_EXERCISE_. Using the listing below, retype only the lines from the line with "Used 2025 Cadillac XT6 Sport image 46" through the end, both ends included, and exclude the pictures.

_DATA EXCERPT_.
*** Block opens ***
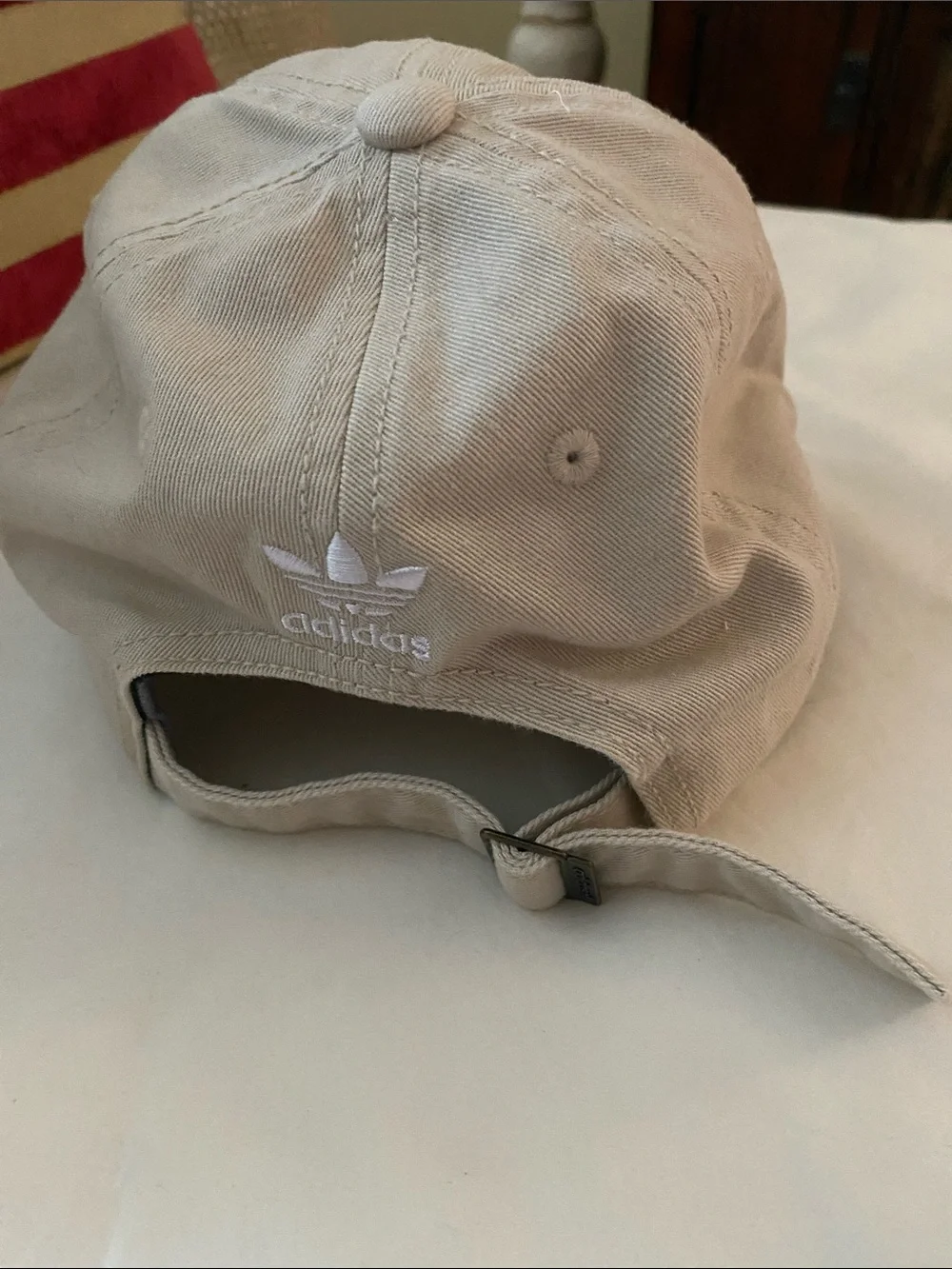ADIDAS Beige UNISEX Baseball Cap with White Trefoil! In excellent condition!
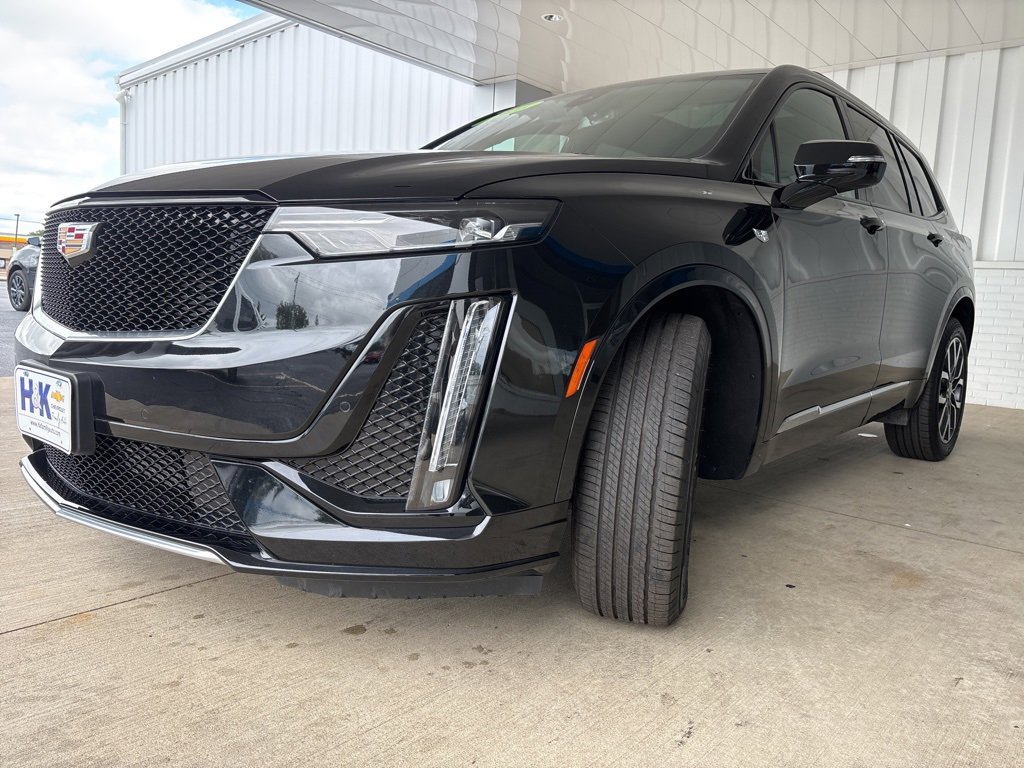 Used 2025 Cadillac XT6 Sport image 46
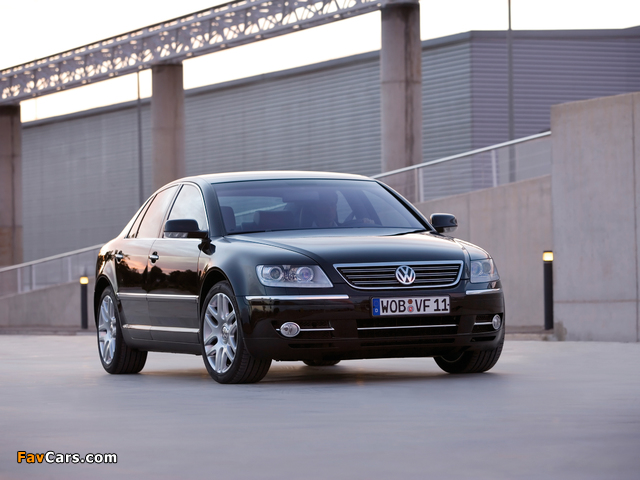 Pictures of Volkswagen Phaeton V8 2007–10 (640 x 480)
*** Block closes ***
_EXERCISE RESULT_.
 Used 2025 Cadillac XT6 Sport image 46
 Pictures of Volkswagen Phaeton V8 2007–10 (640 x 480)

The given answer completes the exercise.